According to the executive order and accompanying fact sheet, this significant policy shift aims to address concerns that “overexpansive and unpredictable” FCPA enforcement creates “an uneven playing field” for U.S. companies that threatens national security. The executive order asserts that “the FCPA has been systematically, and to a steadily increasing degree, stretched beyond proper bounds and abused in a manner that harms the interests of the United States.” The order states that current enforcement practices targeting “routine business practices in other nations” waste prosecutorial resources and “actively harm[] American economic competitiveness and, therefore, national security.”
In light of these concerns, the Order implements a 180-day pause on FCPA investigations and enforcement actions. During the pause, the DOJ shall (i) review its guidelines and policies on FCPA investigations and enforcement actions; (ii) abstain from initiating any new investigation or enforcement action unless United States Attorney General, Pamela Bondi determines an individual exception is appropriate; (iii) review all existing investigations and enforcement actions issues and “take appropriate action [] to restore proper bounds on FCPA enforcement and preserve Presidential foreign policy prerogatives”; and (iv) issue updated guidelines and policies to “promote the President’s [] authority to conduct foreign affairs and prioritize American interests, American economic competitiveness [], and the efficient use of Federal law enforcement resources.”
AG Bondi may extend the review for an additional 180 days. After revised guidelines and policies are issued, the order directs AG Bondi to determine whether measures to remedy “inappropriate past FCPA investigation and enforcement actions, are warranted and [to] take any such appropriate actions or, if Presidential action is required, recommend such actions to the President.”
Perhaps most significantly, even after the review period concludes, any new investigations and enforcement actions and continued existing investigations and enforcement actions deemed appropriate under the new policies and guidelines “must be specifically authorized by the Attorney General.”

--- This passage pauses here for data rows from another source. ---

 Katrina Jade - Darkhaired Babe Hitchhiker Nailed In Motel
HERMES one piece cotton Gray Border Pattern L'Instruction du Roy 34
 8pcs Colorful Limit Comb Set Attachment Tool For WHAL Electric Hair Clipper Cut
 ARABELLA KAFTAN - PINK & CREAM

The executive order supersedes AG Bondi’s February 5, 2025 memo to DOJ employees, which we addressed here. Last week’s memo instructed the FCPA Unit at Main Justice to redirect its FCPA enforcement priorities to the fight against drug cartels and transnational criminal organizations. It also empowered local U.S. Attorney’s Offices to bring certain FCPA actions without obtaining authorization from the FCPA Unit. The February 10, 2025 executive order removes local offices’ short-lived autonomy.
Impact on U.S. Companies and their Employees
For individuals and entities facing existing FCPA investigations, the 180-day review period may present an opportunity for advocacy with the government. Similarly, the Executive Order’s requirement that AG Bondi determine whether past FCPA investigations or enforcement actions should be reconsidered, either by DOJ or through Presidential action, presents a pathway to challenge past resolutions. This obligation presents an opportunity for any company or individual previously targeted by FCPA enforcement to seek an audience with DOJ to highlight past overreaches, whether the matter was handled solely by DOJ and thus could be unilaterally rescinded (non-prosecution agreement), or the punishment was imposed by a court and thus may need presidential intervention via pardon, commutation, or other executive action.

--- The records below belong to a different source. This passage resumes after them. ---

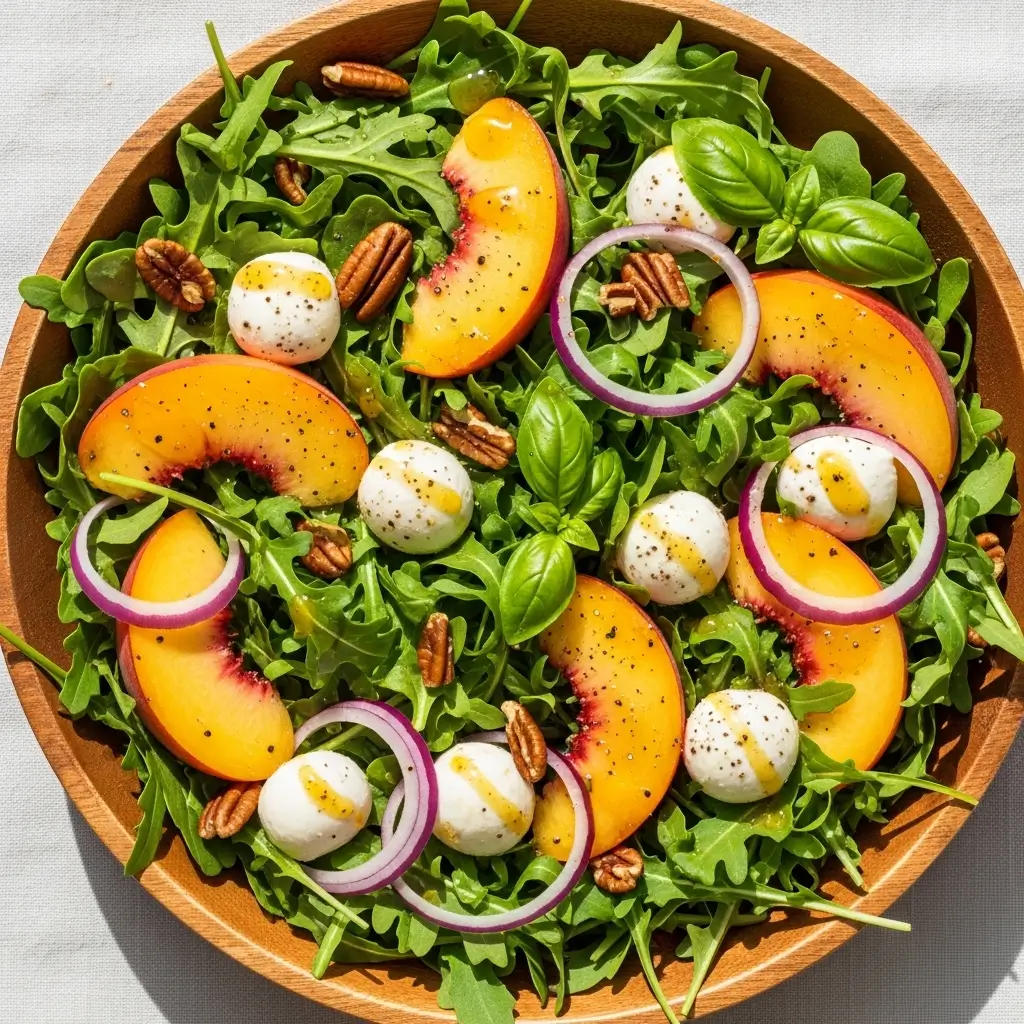 Peach Arugula Salad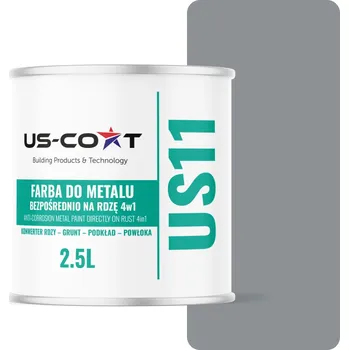 barva na kov Antikorozní akrylová Barva na kov US-Coat 2,5 l ŠEDÁ RAL7045 polomatná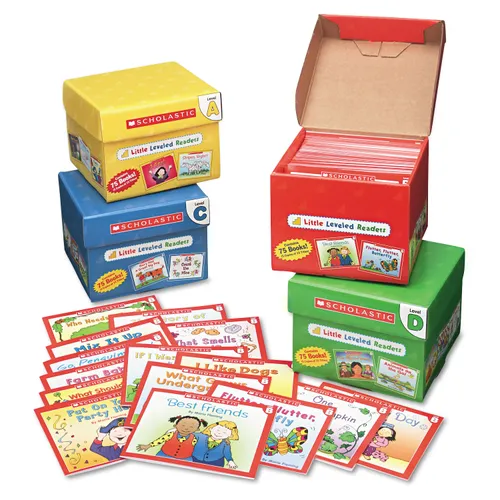 Little Leveled Readers Mini Teaching Guide, 75 Books, Five Each of 15 Titles Questions & Answers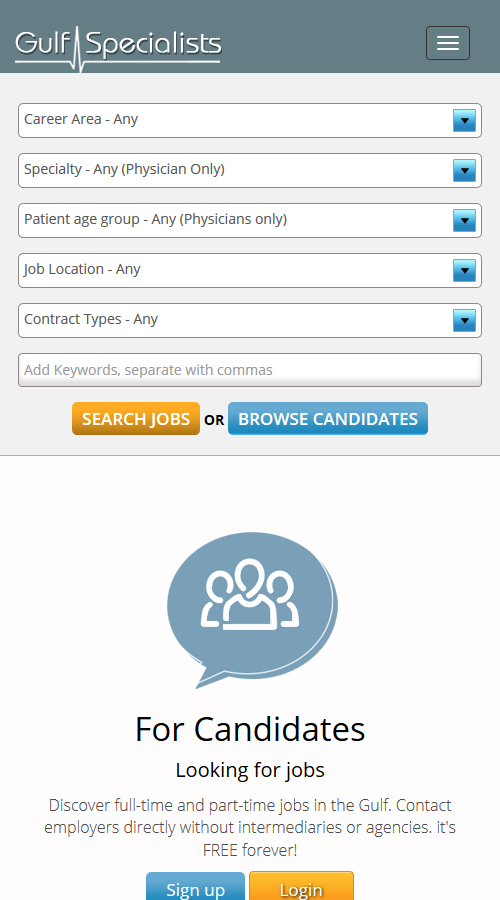 Gulf Specialist | Healthcare Job Portal screenshot 2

That said, even in light of the unprecedented pause of FCPA enforcement, companies with international operations, particularly in areas considered “high risk” for bribery, even if not facing an existing investigation, should keep in mind the following, to avoid the proverbial throwing out the baby with the bathwater:
- The executive order does not affect the Securities and Exchange Commission’s authority to bring civil enforcement actions under the FCPA’s accounting provisions, which require U.S. issuers to maintain proper records and internal controls to prevent the concealment of illicit payments. U.S. issuers and their officers, directors, employees, or agents may still be subject to civil enforcement actions. Nor does the Order necessarily impact other theories (like money laundering) that DOJ has used to target foreign bribery in the past.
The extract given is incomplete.